Why is irqbalance not balancing?
I am running irqbalance with default configuration on an Atom 330 machine. This CPU has 2 physical cores + 2 SMT (aka Hyperthreading) cores.
As shown below the interrupt for the eth0 device is always on CPUs 0 and 1, with CPUs 2 and 3 left idle. But why?
Maybe irqbalance prefers physical cores? My understanding, though, is that the even-numbered CPUs are the physical cores, with the odd-numbered one being the SMT cores. If this understanding is correct, it means that irqbalance is toggling between a single physical core and its SMT sibling.
Any thoughts on why irqbalance is not using all 4 CPUs to distribute the eth0 interrupts?
Thanks.
——————-
2 thoughts on - Why is irqbalance not balancing?
Steve Snyder wrote:
I believe the hyperthreading cores are enumerated after the ‘real’ cores – you can see this by using ‘lstopo’ – part of the hwloc package (‘yum install hwloc’) i.e. logical CPUs 0 and 1 are the ‘real’ cores and logical CPUs 2 and 3 are the HT cores
I suspect interrupts only have meaning on the real cores – hence you not seeing any on CPUs 2 and 3
James Pearson
Maybe this utility will be useful to you.

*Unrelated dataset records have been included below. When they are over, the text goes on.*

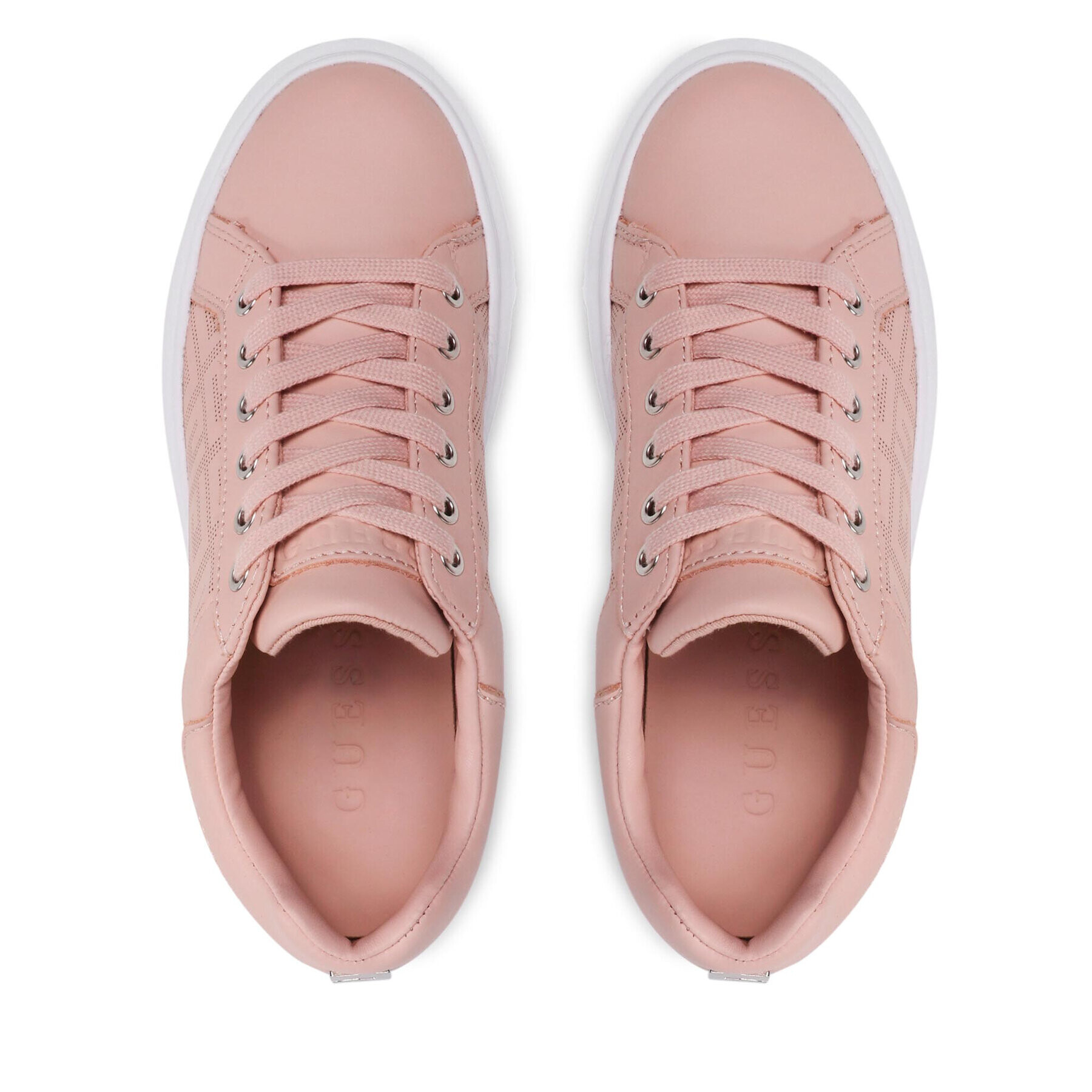 Guess Сникърси Ivee FL5IVE ELE12 Розов - Pepit.bg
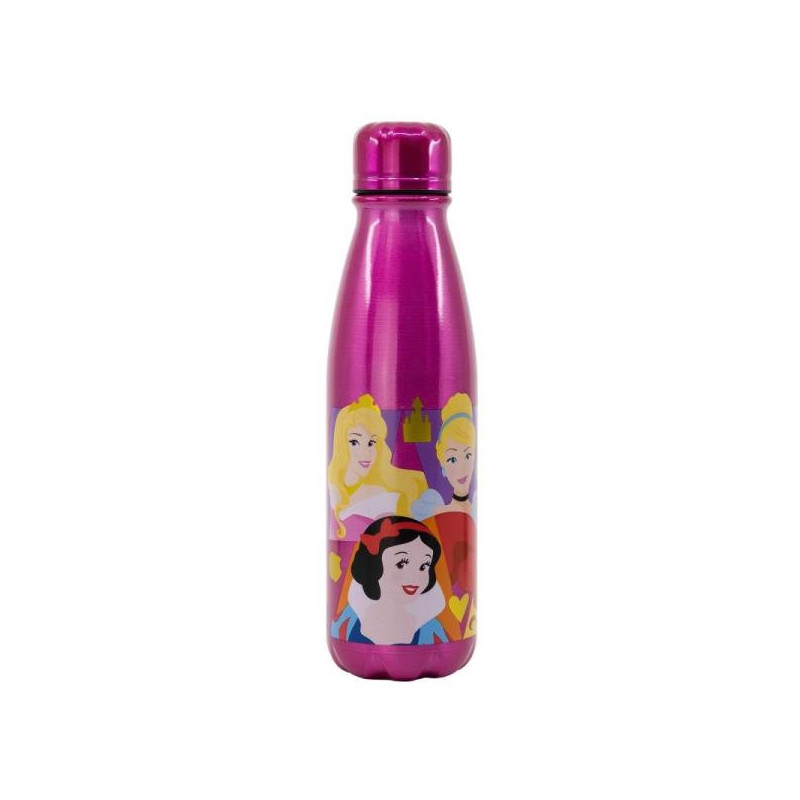 Botella de aluminio Princesas Disney 600ml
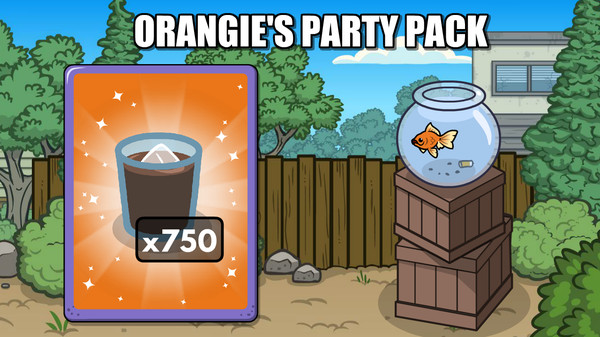 скриншот Orangie's Party Pack 1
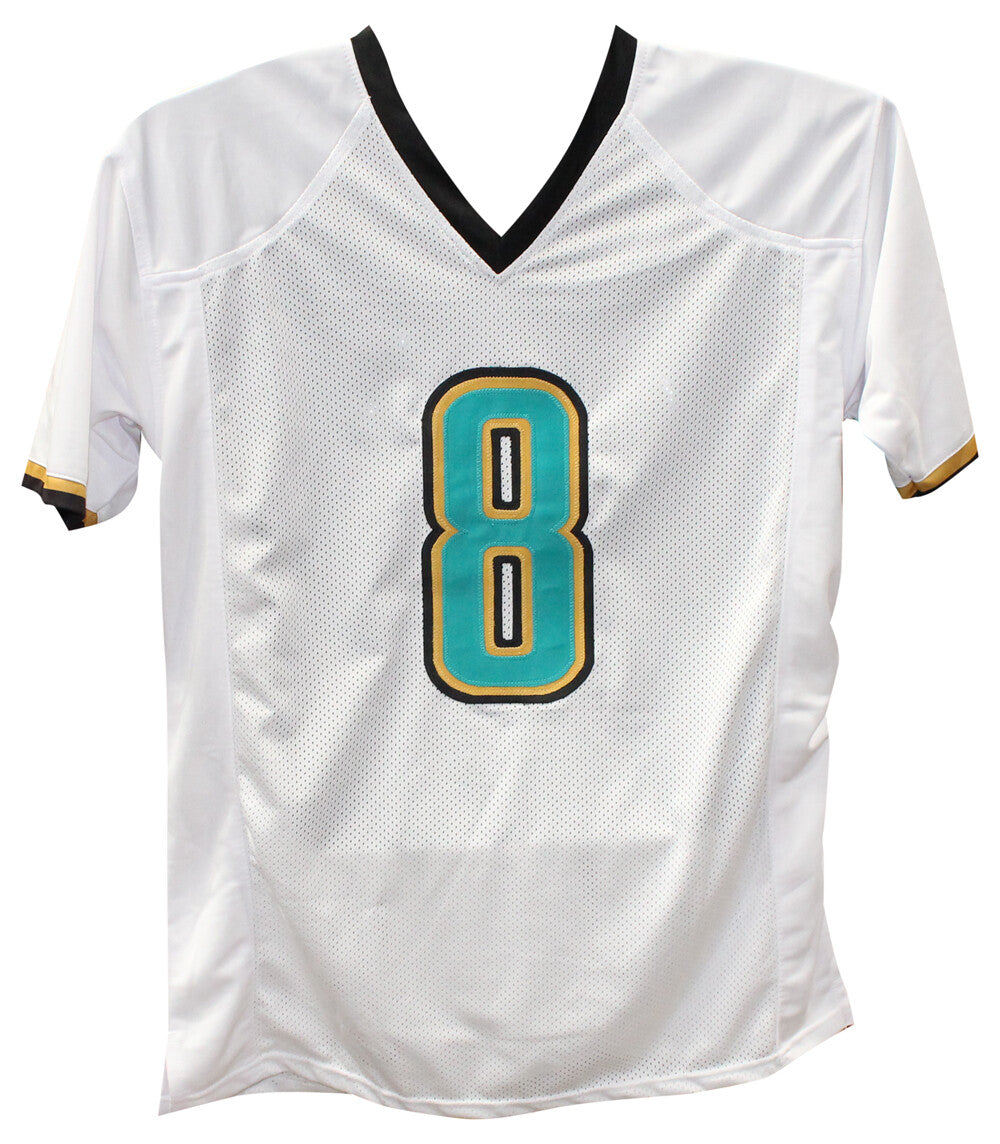 Mark Brunell Autographed Jacksonville Jaguars White Pro Style Jersey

http://www.open-mpi.org/projects/hwloc/
Portable Hardware Locality (hwloc)
“The Portable Hardware Locality (hwloc) software package provides a
portable abstraction (across OS, versions, architectures, …) of the
hierarchical topology of modern architectures, including NUMA memory
nodes, sockets, shared caches, cores and simultaneous multithreading.
It also gathers various system attributes such as cache and memory
information as well as the locality of I/O devices such as network
interfaces, InfiniBand HCAs or GPUs. It primarily aims at helping
applications with gathering information about modern computing
hardware so as to exploit it accordingly and efficiently.
The democratization of multicore processors and NUMA architectures
leads to the spreading of complex hardware topologies into the whole
server world. Nodaways every single cluster node may contain tens of
cores, hierarchical caches, and multiple memory nodes, making its
topology far from flat. Such complex and hierarchical topologies have
strong impact of the application performance. The developer must take
hardware affinities into account when trying to exploit the actual
hardware performance. (…)”